You will not automate every single task. Selecting what to automate can be tricky, so when deciding whether to fully automate an anomaly resolution, use these five questions to identify the potential value:
- Frequency: Does the anomaly resolution occur often enough to warrant automation?
- Impact: Are you automating the solution to a major issue?
- Coverage: What proportion of the real-world process can be automated?
- Probability: Does the process always produce the desired result, or can it be impacted by environmentals?
- Latency: Will automating the task achieve a faster resolution?
Existing standard operating procedures (SOPs) are a great place to start. With SOPs, you’ve already decided how you want a task performed, have documented the process, and likely have some form of automation (scripts, etc.) in place. Another early focus is to address resource constraints by adding front-end web servers when traffic is high, or by increasing network bandwidth. Growing available resources is low risk compared to restarting applications. While bandwidth expansion may impact your budget, it’s unlikely to break your apps. And by automating resource constraint remediations, you’re adding a rapid response capability to operations.
In stage two, you augment your operations teams with automated tasks that can be triggered in response to AIOps-identified anomalies.
Stage Three: Connect Visibility to Action (Trust!)
As you start to use automated root cause analysis (RCA), it’s critical to understand the probability concept of machine learning.
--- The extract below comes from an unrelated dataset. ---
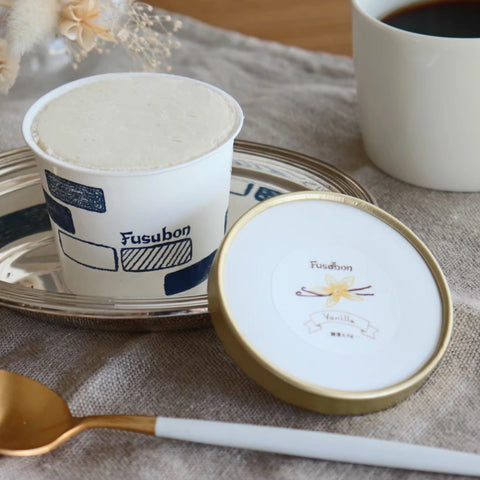 Fusubon Vanilla Ice Cream Sugar 4.0g (120ml)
Surprisingly, for a classical computer technology, ML does not output a binary, 0 or 1 result, but rather produces statistical likelihoods or probabilities of the outcome. The reason this outcome sometimes looks definitive is that a coder or “builder” (the latter if you’re AWS’s Andy Jassy) has decided an acceptable probability will be chosen as the definitive result. But under the covers of ML, there is always a percentage likelihood. The nature of ML means that RCA sometimes will result in a selection of a few probable causes. Over time, the system will train itself on more data and probabilities and grow more accurate, leading to single outcomes where the root cause is clear.
Once trust in RCA is established (stage one), and remediation actions are automated (stage two), it’s time to remove the manual operator from the middle. The low-risk remediations identified in stage two can now be connected to the specific root cause as a fully automated action.
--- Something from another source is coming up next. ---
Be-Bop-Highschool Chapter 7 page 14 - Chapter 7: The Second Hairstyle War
The benefits of automated operations are often listed as cost reduction, productivity, availability, reliability and performance. While all of these apply, there’s also the significant benefit of expertise time. “The main upshot of automation is more free time to spend on improving other parts of the infrastructure,” according to Google’s SRE project. The less time your experts spend in MTTR steps, the more time they can spend on preemption rather than reaction.
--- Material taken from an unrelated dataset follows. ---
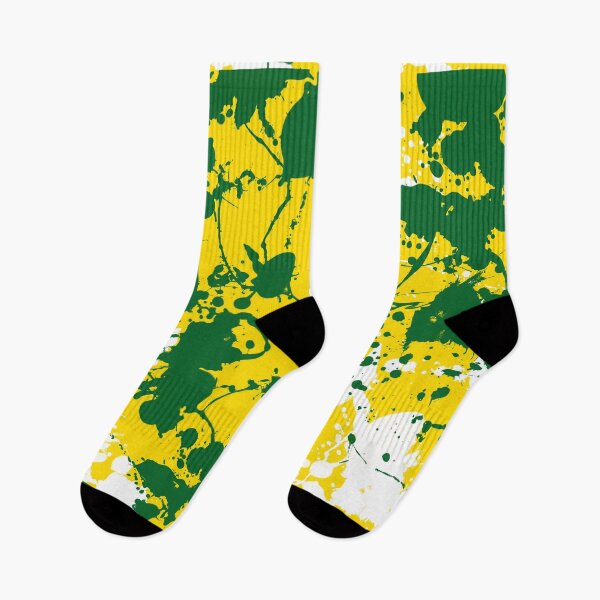 Item preview, Brazil Paint Spill designed and sold by FootballArcade.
Similar to DevOps, AIOps will require a new mindset. After a successful AIOps deployment, your team will be ready to transition from its existing siloed capabilities. Each team member’s current specialization(s) will need to be accompanied with broader skills in other operational silos.
AIOps augments each operations team, including ITOps, DevOps and SRE. By giving each team ample time to move into preemptive mode, AIOps ensures that applications, architectures and infrastructures are ready for the rapid transformations required by today’s business.